┌─ Dataset records
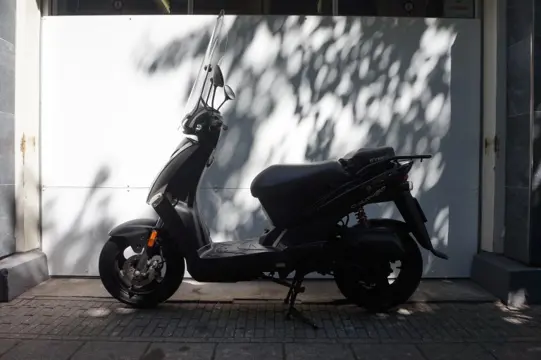 Kymco Agility Brom 4T Zwart D-124-ZH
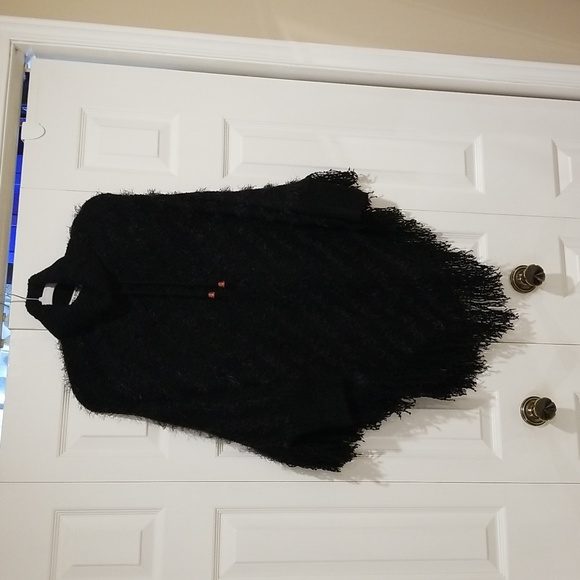 Poncho sweater black color - Picture 1 of 4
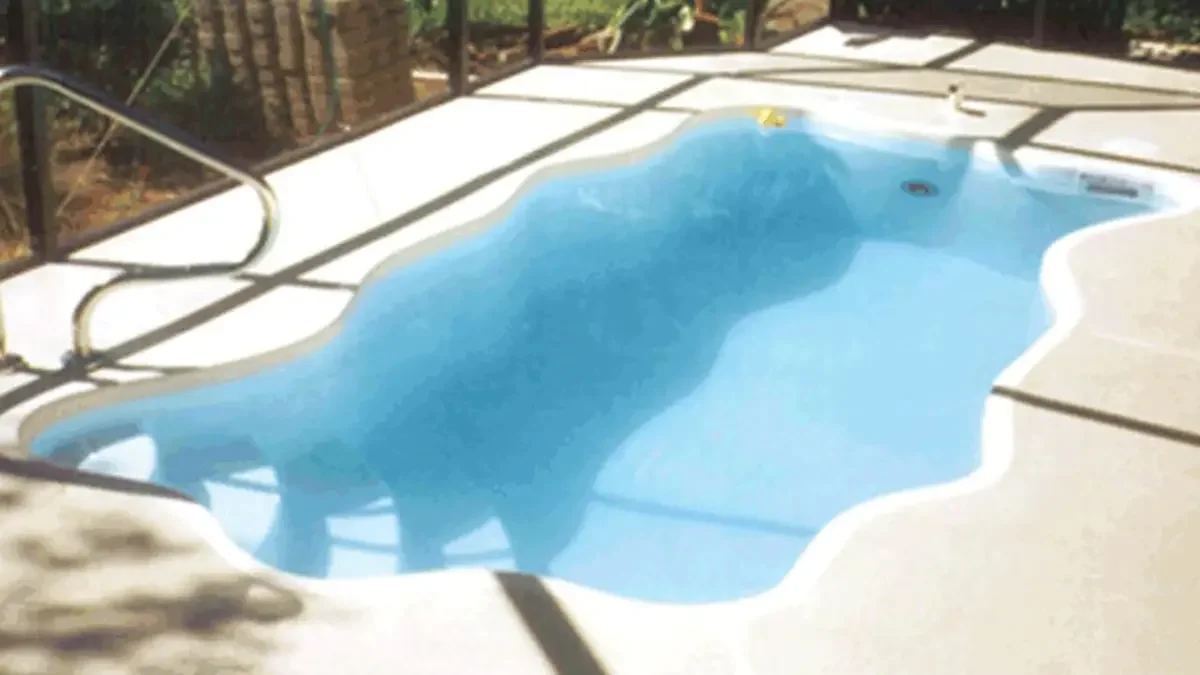 the aruba pool slide 2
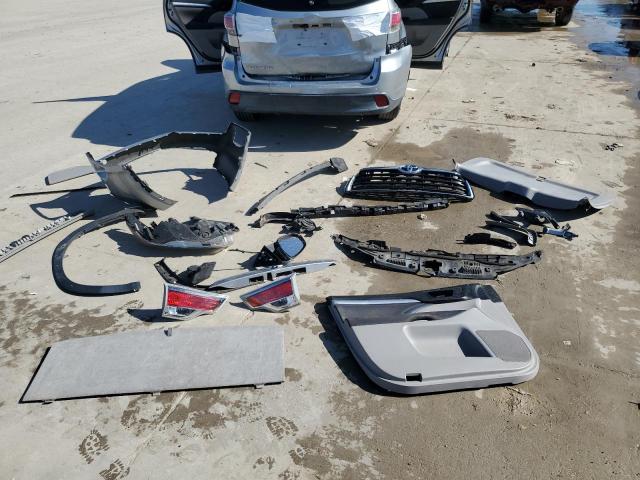 Photo 12 from auction – 2014 TOYOTA HIGHLANDER with VIN 5TDZKRFH7ES006479
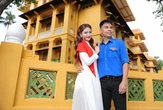 MC Huyền Trang Mù Tạt khoe bộ ảnh diện áo dài thướt tha sánh bước bên cầu thủ nổi tiếng mừng Đại lễ 2/9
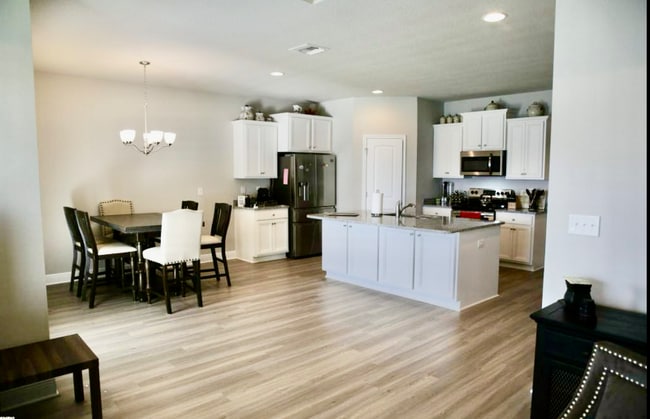 Building Photo - 115 Moonraker Cir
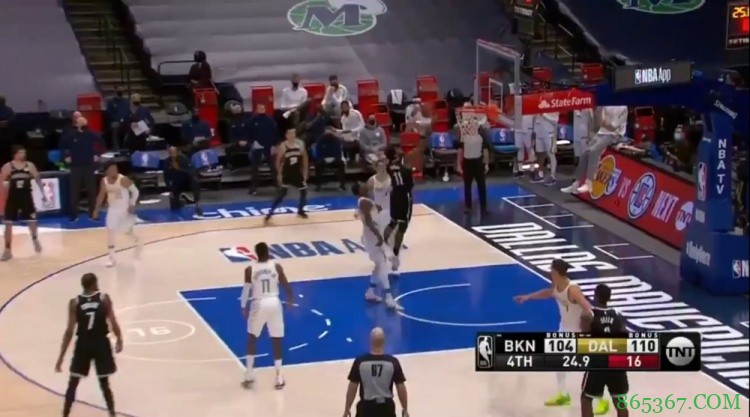 啊这！欧文最后时刻突入内线面对空篮 上篮三不沾出界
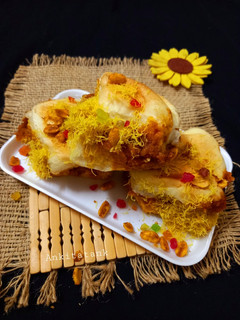 કચ્છી દાબેલી (Kutchi Dabeli Recipe In Gujarati) રેસીપી મુખ્ય ફોટો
└─
* Task objective
Retype all entries exactly; omit pictures.

* Solution below
 Kymco Agility Brom 4T Zwart D-124-ZH
 Poncho sweater black color - Picture 1 of 4
 the aruba pool slide 2
 Photo 12 from auction – 2014 TOYOTA HIGHLANDER with VIN 5TDZKRFH7ES006479
 MC Huyền Trang Mù Tạt khoe bộ ảnh diện áo dài thướt tha sánh bước bên cầu thủ nổi tiếng mừng Đại lễ 2/9
 Building Photo - 115 Moonraker Cir
 啊这！欧文最后时刻突入内线面对空篮 上篮三不沾出界
 કચ્છી દાબેલી (Kutchi Dabeli Recipe In Gujarati) રેસીપી મુખ્ય ફોટો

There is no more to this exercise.